Well, at least that’s what meetings ideally should be like. In reality, however, according to Estonian employee progress report connoisseur Weekdone, there’s a good chance your meetings aren’t that well organized after all.
“On average, people waste 3.8 hours per week on poorly planned meetings, but with just minutes of proper preparations you can save hours of doing. So, it’s about time we start planning,” said Weekdone CEO & Co-founder Jüri Kaljundi. “That’s where we got the idea to help team leaders plan for productive team meetings and truly committing to them by reminding themselves and others of the rules.”
What Weekdone came up with has been baptised as the teammeetingchecklist, which fairly straightforwardly tells us a lot about how it actually works: Meeting organizers will go through a set of three steps that will cover the basic info of the meeting (date; location; objective; list of participants), a checklist of stuff to prepare before,during and after the meeting itself; and finally the actual invitation to team members.
Weekdone says the tool should act as a meeting reminder for the participants and social pressure tool to honor the effective meeting criteria for the leader, all while providing a base for giving feedback and reflecting on the progress of projects.
To be honest, a tool to set meeting dates and invitations isn’t all that mindblowing, but the real secret ingredient of the meeting manager lies in the checklist, or the list of 25 criteria, which, according to Weekdone, takes no more than 5 minutes to go through (while potentially saving several working hours that would’ve otherwise been lost due to crappy meeting orchestration).
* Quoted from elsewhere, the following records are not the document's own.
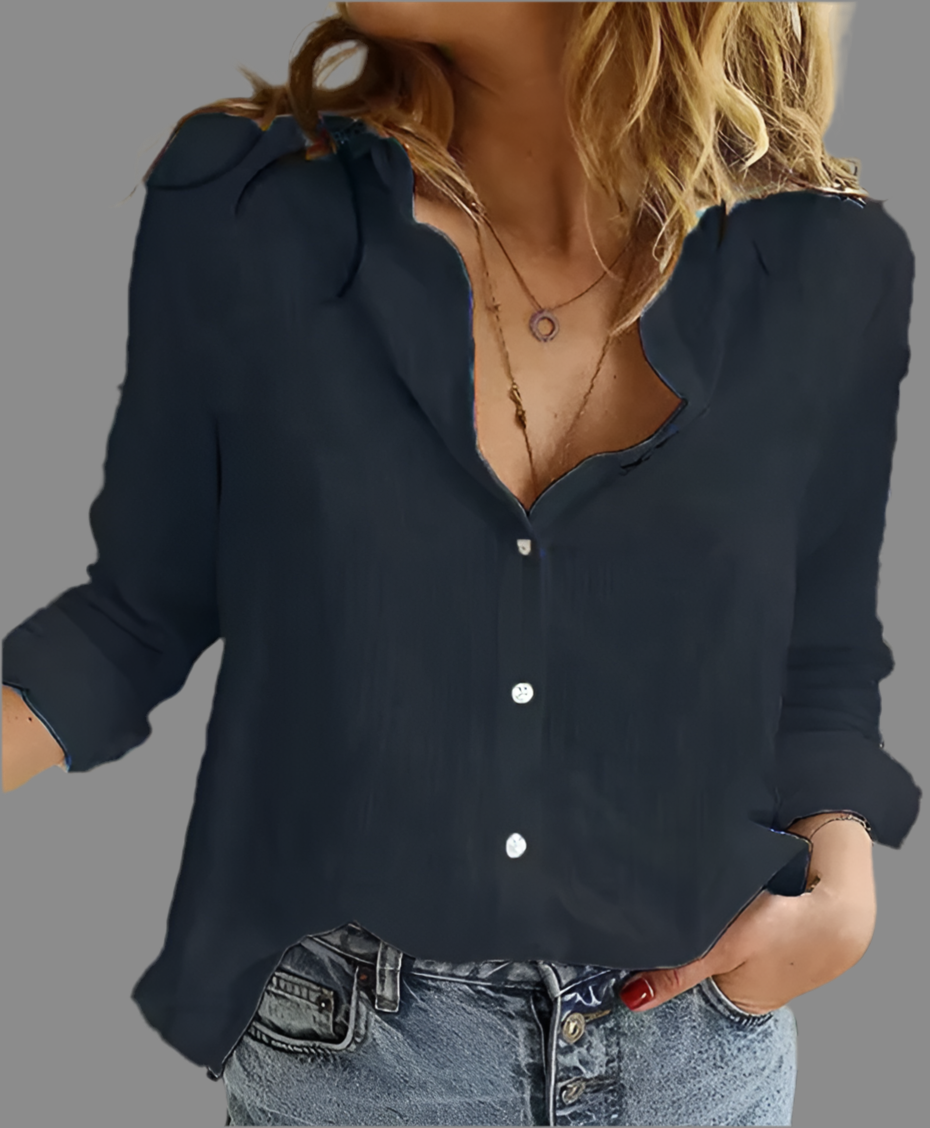 Dames blouse met knoopsluiting en lange mouwen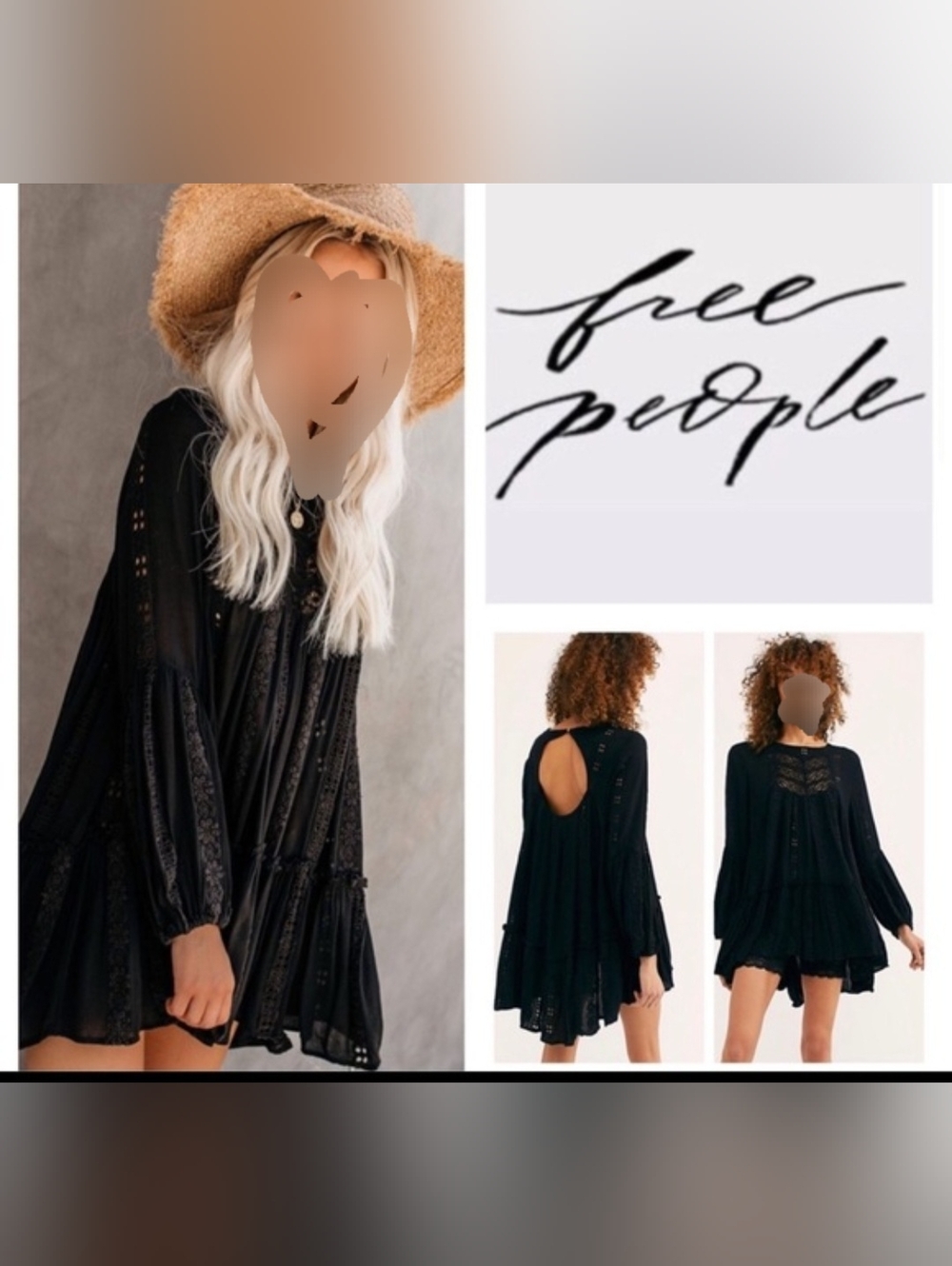 Free People Black Boho Lace-Trim Swing Dress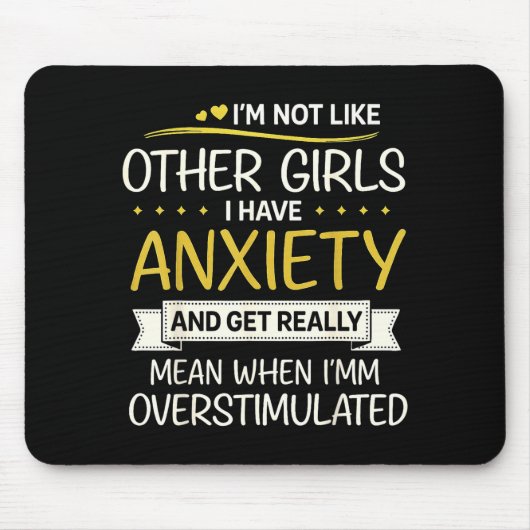 Anxiety Humor For Women With Overstimulation  Muismat (Voorkant)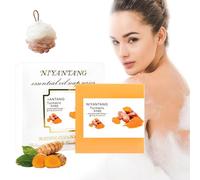 Niyantang Jabón de Cúrcuma,Jabón de Cúrcuma en Pastilla,Jabón Natural en Pastilla para Cara y Cuerpo,Jabón Limpiador Suave Hidratante y Calmante para Todo Tipo de Pieles (A)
It is worth mentioning however that Weekdone’s “thoroughly researched” checklist system didn’t include any obvious sources of research, and neither did their “30 proven criterias of an effective meeting” blog post, so it may be best to take those claims at face value.
From the list you’ll find stuff like “clearly defined objective is set” and “agenda is prepared” under the before meeting section, while during the meeting participants should make sure that “discussions will be relevant” and “responsibilities and deadlines will be documented”, to name a few examples
How effective the new meeting manager actually is will be up to you. It is completely free to use, so there’s no harm in at least giving it a try, even more so if you already know your company meetings sort of suck.